The idea was to create a new amplifier using parts from an existing power amplifier that I had developed before almost 25 years and also add few new gadgets like a DSP for the audio processing. So, after removing all the 2SK176/2SJ56, the 2.5kW transformer and the capacitors I started with the board design for my project.
In addition to my old components, I decided to use the ADAU1467 and the AD1397 codec companion - which fit quite well and have enough processing power for my application (mainly crossover and equalization functionality).
Of course, I had also to add a CPU for controlling the DSP and providing a graphical user interface that the user will be able to control and monitor the filters and amplifier status at any time. The STM32F407 CPU added to the board and also a low cost 3,5" LCD with embedded touch and SPI communication that I have already used in many project in the past.
For the analog amplifier I used quite the same design that flawless worked for 25 years with few minor improvements. The design is based on 2SK176/2SJ56 MOSFETs which are hard to find those day since the production from HITACHI stopped about 20 years ago but may alternatives are also available. The board is supplied from a 65V symmetrical power supply and also a relay has been added in the output that is controlled by the digital board. Following the power amplifier schematic:
The digital part is based on Analog Devices ADAU1467 a 32bit/200MHz automotive audio processor, supporting up to 12 serial inputs and 12 outputs. In our case we will use 6 outputs - one for each amplifier channel - 4 inputs, two for the single ended input and 2 for the balanced, and the SPDIF input for the TOSLINK optical interface.
A basic DSP software has been prepped using the SigmaStudio tool from AD without writing any DSP code. The major blocks are displayed in the following diagram, of course the are many thinks that can be added in the feature - such as automated equalization:
Luckily building and powering up the boards shows no major issue, only few component adjustments were needed for bringing to life the amplifier.
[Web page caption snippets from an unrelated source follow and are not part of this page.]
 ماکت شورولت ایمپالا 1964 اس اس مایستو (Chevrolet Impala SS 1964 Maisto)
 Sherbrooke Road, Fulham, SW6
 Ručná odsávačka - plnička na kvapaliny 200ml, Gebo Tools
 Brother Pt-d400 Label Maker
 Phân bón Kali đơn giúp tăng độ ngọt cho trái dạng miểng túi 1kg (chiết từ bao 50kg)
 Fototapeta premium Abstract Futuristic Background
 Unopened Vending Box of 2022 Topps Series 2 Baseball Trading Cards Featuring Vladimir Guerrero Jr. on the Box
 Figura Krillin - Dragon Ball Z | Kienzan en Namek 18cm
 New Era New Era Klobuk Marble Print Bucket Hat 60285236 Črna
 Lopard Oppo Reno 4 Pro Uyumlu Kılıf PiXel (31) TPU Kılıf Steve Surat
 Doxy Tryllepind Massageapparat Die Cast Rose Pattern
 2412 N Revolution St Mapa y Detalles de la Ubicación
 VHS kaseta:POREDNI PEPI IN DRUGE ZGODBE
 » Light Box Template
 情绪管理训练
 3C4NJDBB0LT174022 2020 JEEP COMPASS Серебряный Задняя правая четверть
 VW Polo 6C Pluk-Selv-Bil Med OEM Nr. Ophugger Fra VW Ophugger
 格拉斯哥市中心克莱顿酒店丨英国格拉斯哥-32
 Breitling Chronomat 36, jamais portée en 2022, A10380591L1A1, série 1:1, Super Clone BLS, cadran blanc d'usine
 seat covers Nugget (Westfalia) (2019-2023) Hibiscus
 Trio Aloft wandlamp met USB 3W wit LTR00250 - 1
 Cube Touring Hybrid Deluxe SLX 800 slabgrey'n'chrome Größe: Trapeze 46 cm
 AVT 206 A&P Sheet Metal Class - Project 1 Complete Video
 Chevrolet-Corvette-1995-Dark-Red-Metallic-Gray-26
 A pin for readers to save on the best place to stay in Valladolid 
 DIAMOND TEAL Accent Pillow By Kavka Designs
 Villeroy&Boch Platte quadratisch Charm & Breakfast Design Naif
Even though, there are some improvements that are still pending or that may be considered in the future.
* The software can support automated equalization, ie downloading frequency response from a reference microphone the DSP can adapt the filters to improve sound quality.
* Changing the interface from the control board to amplifier modules from single-ended to differential or digital/SPDIF
* Each channel has a separate power supply module so no common ground to all modules except the DSP board, so noise traveling from ground to ground. Can be fixed from the previous point but for now I have order few audio transformers to isolate the channels.
* Separate power supplies for analog and digital signal in controller board. Although the noise seems quite low using LDOs for digital parts increasing the temperature on LDOs, perhaps switching supplies can be used for digital parts and LDOs only for analog.